Now let’s see what happens if instead we create a copy of the source student that we want to assing to our student
struct by using this method instead, which also avoids dereferencing student
:
func CopyStudent(student *Student, src Student){
student.FirstName = src.FirstName
student.LastName = src.LastName
student.Address = src.Address
student.Age = src.Age
}
func testRace() {
student := core.Student{}
coolStudents := getCoolStudents()
go CopyStudent(&student, coolStudents[0])
coolStudents[0] = coolStudents[1]
time.Sleep(1000 * time.Millisecond)
println("\nshould be Abed:", student.FirstName)

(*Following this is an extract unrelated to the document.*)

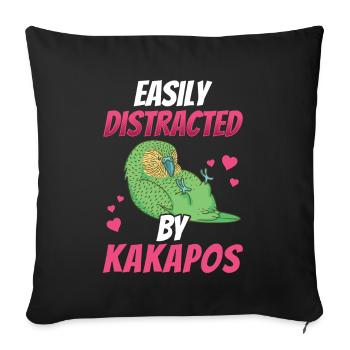 Kakapo distracts flightless parrot Kakapo - Sofa pillowcase 17,3'' x 17,3'' (45 x 45 cm) - black - Front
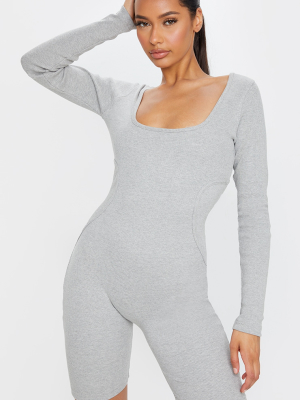 Grey Marl Thick Rib Binding Detail Long Sleeve...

fmt.Printf("%+v\n", student)
}
When we call the above, we get the expected result:
$ ./race
should be Abed: Abed
{FirstName:Abed LastName:Nadir Age:27 Address:{State:NY City:New York City}}
Eventhough we are still overwriting coolStudents[0]
with coolStudents[1]
after calling CopyStudent
as a goroutine, coolStudents[0]
is copied when passed to CopyStudent
, as it is passed by value. Furthermore we are not dereferencing student
, so runtime.typedmemmove
is never called, as shown in the go dissembly of the CopyStudent
function:
$ go tool objdump -s CopyStudent race
github.com/hex0punk/go-re/core.CopyStudent(SB) <redacted>
utils.go:57 0x409d5a0 65488b0c2530000000 MOVQ GS:0x30, CX
utils.go:57 0x409d5a9 483b6110 CMPQ 0x10(CX), SP
utils.go:57 0x409d5ad 0f86c7000000 JBE 0x409d67a
utils.go:57 0x409d5b3 4883ec08 SUBQ $0x8, SP
utils.go:57 0x409d5b7 48892c24 MOVQ BP, 0(SP)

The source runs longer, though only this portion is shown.